■ Data shown:
++++++++++

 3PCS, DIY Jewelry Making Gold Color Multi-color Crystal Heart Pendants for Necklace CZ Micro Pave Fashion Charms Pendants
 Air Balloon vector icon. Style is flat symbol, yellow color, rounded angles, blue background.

++++++++++

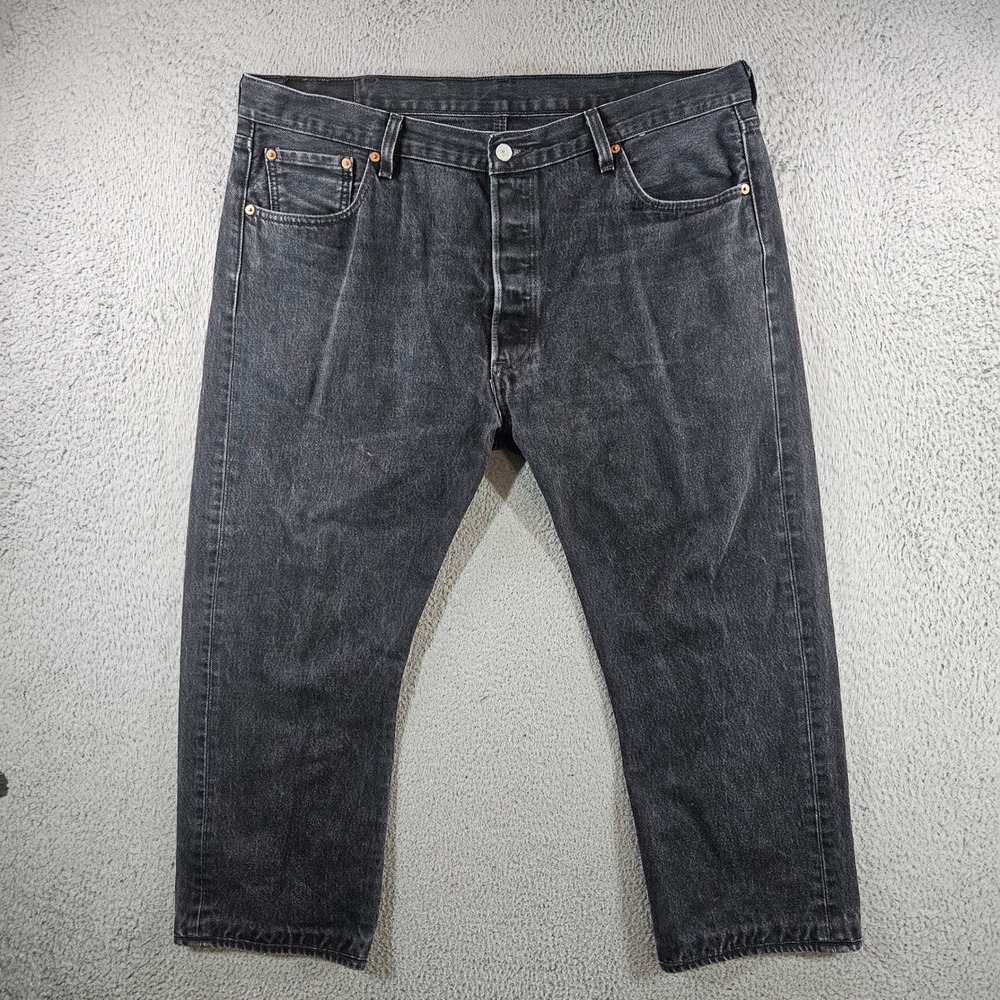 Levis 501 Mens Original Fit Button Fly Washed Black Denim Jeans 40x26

++++++++++

■ Aim of the exercise:
For this listing, copy out every line that includes the word "color".

■ Exercise response:
 3PCS, DIY Jewelry Making Gold Color Multi-color Crystal Heart Pendants for Necklace CZ Micro Pave Fashion Charms Pendants
 Air Balloon vector icon. Style is flat symbol, yellow color, rounded angles, blue background.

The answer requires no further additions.